*** Entries shown ***

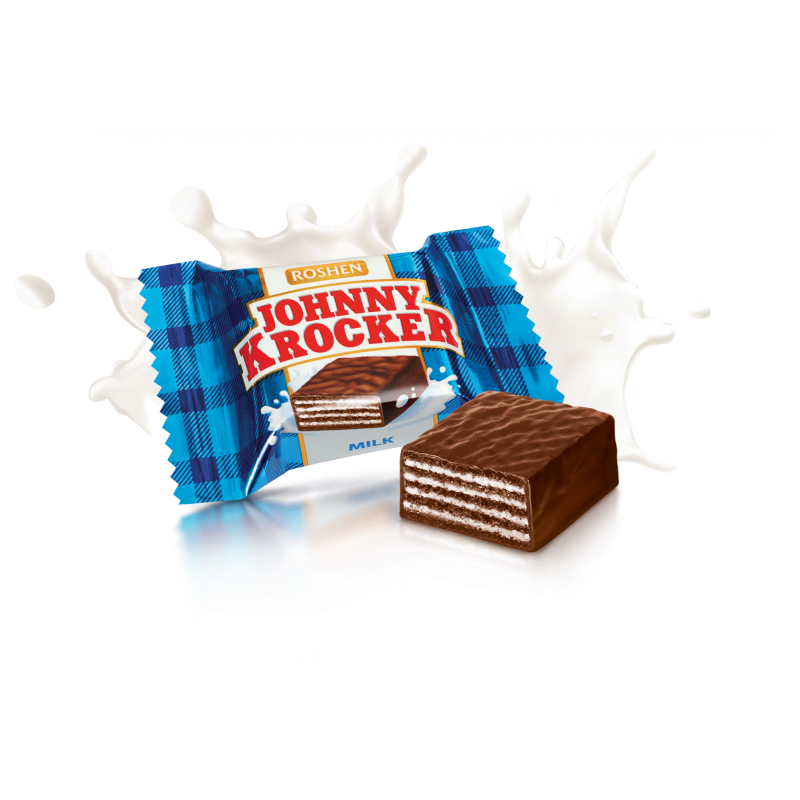 K215 ROSHEN "JOHNNY KROCKER" WAFERS MILK FLAVOUR (4X1KG)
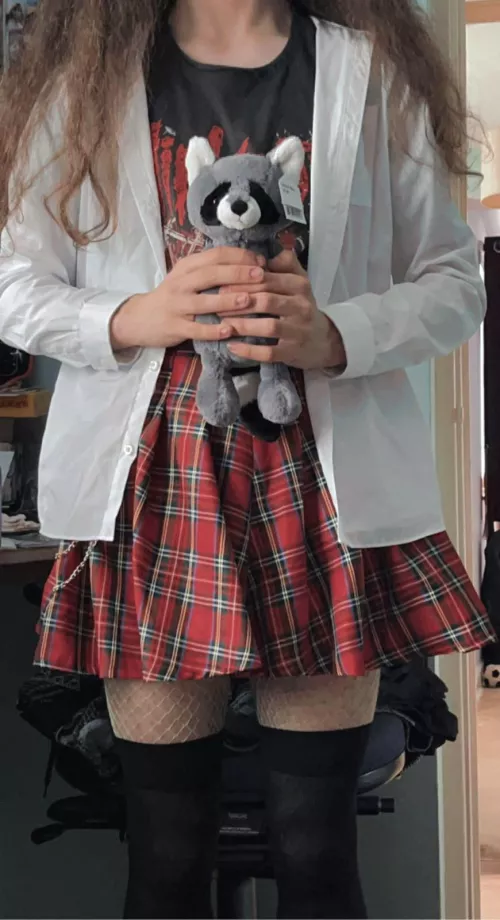 how this schoolgirl femboy outfit?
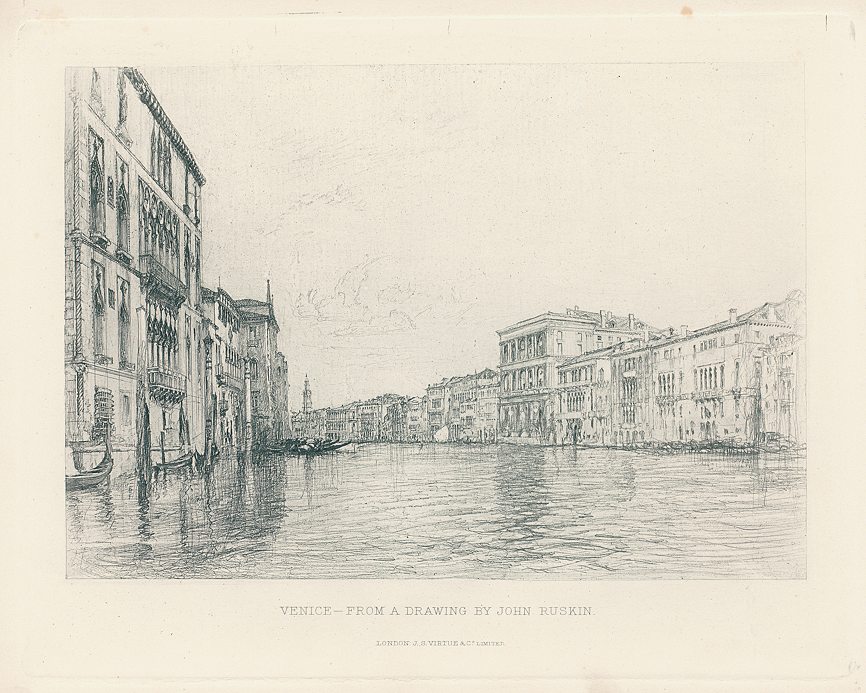 Venice, after John Ruskin, 1883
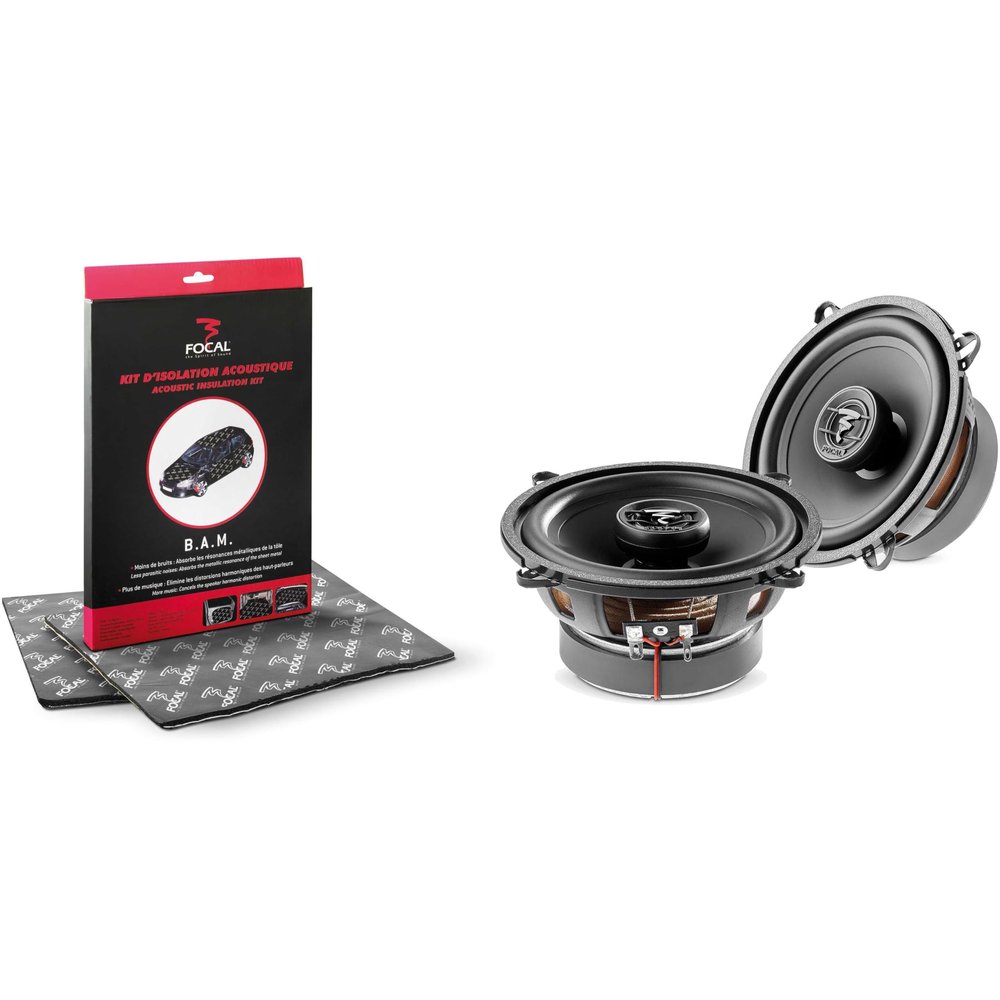 Focal ACX130 Auditor EVO Series 5.25" 2-Way Coaxial Speaker Kit BAM Acoustic Insulation kit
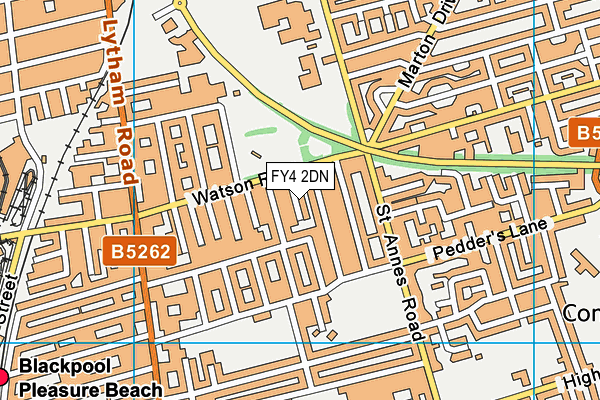 FY4 2DN map - OS VectorMap District (Ordnance Survey)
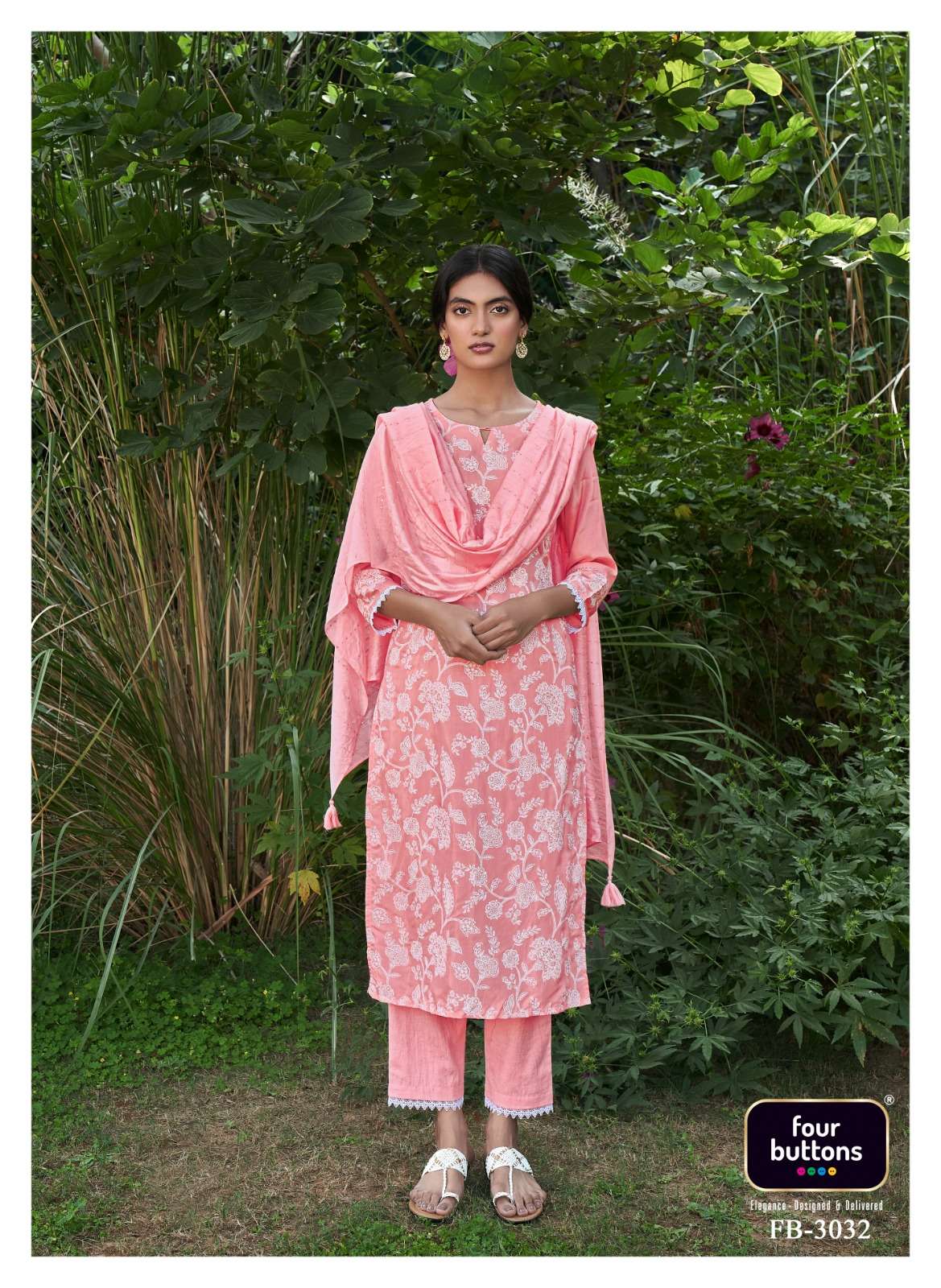 FOUR GEMS VOL-6 BY FOUR BUTTONS 3031 TO 3034 SERIES BEAUTIFUL SUITS COLORFUL STYLISH FANCY CASUAL WEAR & ETHNIC WEAR PURE VISCOSE SILK DRESSES AT WHOLESALE PRICE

*** End of Entries shown ***

== Task ==
Nothing but the lines from the line containing "FY4 2DN map" through the last line of the material may be output, and they must be copied exactly, without pictures.

== Result of the task ==
 FY4 2DN map - OS VectorMap District (Ordnance Survey)
 FOUR GEMS VOL-6 BY FOUR BUTTONS 3031 TO 3034 SERIES BEAUTIFUL SUITS COLORFUL STYLISH FANCY CASUAL WEAR & ETHNIC WEAR PURE VISCOSE SILK DRESSES AT WHOLESALE PRICE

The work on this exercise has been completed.